I can't even find which files were changed.
Can you provide clean commits in a fork, based on the Tor master branch?
Also, I think you will need a new consensus method for this change.
We don't use consensus parameters or torrc options to modify the
content of the consensus, we use consensus methods.
Here is how it
works:
Every hour, directory authorities vote on a new consensus. Once the
votes are collected, the dirauths produce a deterministic network
consensus document containing information about each relay,
including the waterfilling bandwidth-weights produced from the
equations described above. e.g.:
...(more relays)
r relayguard34 PPTH75+WkHl1GGw07DRE/S+JNdo 1970-01-01 00:02:37
51.254.112.52 9111 9112
m lp08MLTivsSZPhpZQy88i8NPeBNx10tPKBpHZsM3gYM
s Fast Guard HSDir Running Stable V2Dir Valid
v Tor 0.2.6.7
w Bandwidth=10200
wfbw wgg=8029 wmg=1971.
r 4uthority3 PYnzXGQ+67m0WtO64qtJkwsUzME 1970-01-01 00:02:33 11.0.5.71
9111 9112
m d8G2/8UQzAN3a9DixCtmaivhfUFTvlFKAxCAV1xHVKk
s Authority Fast Guard HSDir Running Stable V2Dir Valid
v Tor 0.2.6.7
w Bandwidth=1890
wfbw wgg=10000 wmg=0.
...(more relays)
In this example, we see two relays having the Guard flag and their
new waterfilling bandwidth allocation given on the lines starting
with wfbw.
These are redundant, and could significantly expand the size of theconsensus, and consensus diffs. (Consensus weights are one of the
largest contributors to consensus diff size.)

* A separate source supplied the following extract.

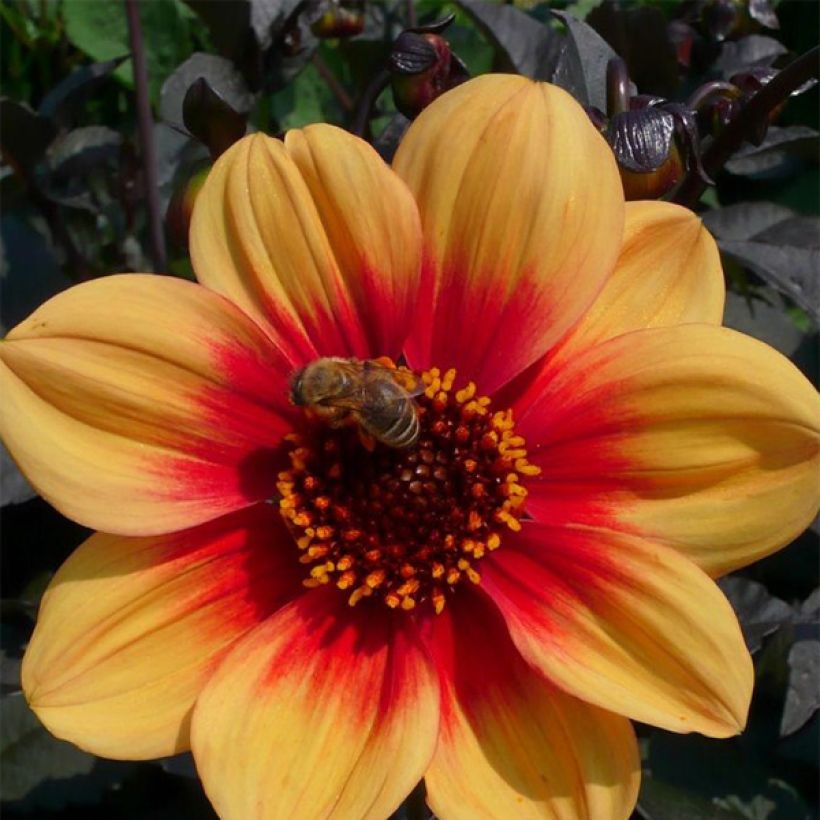 Maisemadaalia Sunshine (Kukinta)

Why not calculate wmg on clients?
Why not calculate both wgg and wmg on clients?
If you must keep them in the consensus, please put these on the
existing "w" lines, which are intended for this purpose:
"Other weighting keywords may be added later.
Clients MUST ignore
keywords they do not recognize."
The first relay has a high bandwidth, above the water
level, and shares that bandwidth between the guard and the middle
positions, as indicated by the wgg and wmg variables. The second
relay has a lower bandwidth, below the water level, and fully uses
it for guard traffic.
If no wgg or wmg weights are specified for a given relay, the
vanilla bandwidth-weights are used, as provided at the bottom of the
consensus.
Eventually, a modification of the client code is needed in order to
parse and use the waterfilling weights. The changes are
straightforward with a few lines of codes in existing functions.
6 Deployment discussion
Deploying a new feature that has a central role in security and
performance of the network can be difficult due to the distributed
nature of the network. Hopefully, this proposal does not suffer from
such issue. We give here some arguments supporting this claim.
- About performance: The balancing equations designed by the current
path selection are kept untouched. Hence mixing a set of clients
using Waterfilling in the network and another set of clients using
the vanilla path selection is not a problem: they will both
enforce the same allocation of bandwidth between the different
path positions. We confirmed this with experiments in Shadow.
- About user security: A co-existence of path selection algorithms
may be a threat to anonymity if the transition is not handled
carefully. A set of compromised middle relays may distinguish
users with Waterfilling configuration from others. This is a
problem if the anonymity set is not large enough. Hopefully,
"large enough" can be ensured with a consensus parameter that only
enables this feature when enough users have updated their client.
Unanswered questions:
What about the feedback loop between this new allocation system
and the bandwidth authorities?
Should bandwidth authority clients use the new system?
How do we report on the new system?
How can we determine whether it is better for security in practice?
How can we determine if it is faster or slower in practice?
How can we work out if someone is trying to game the system?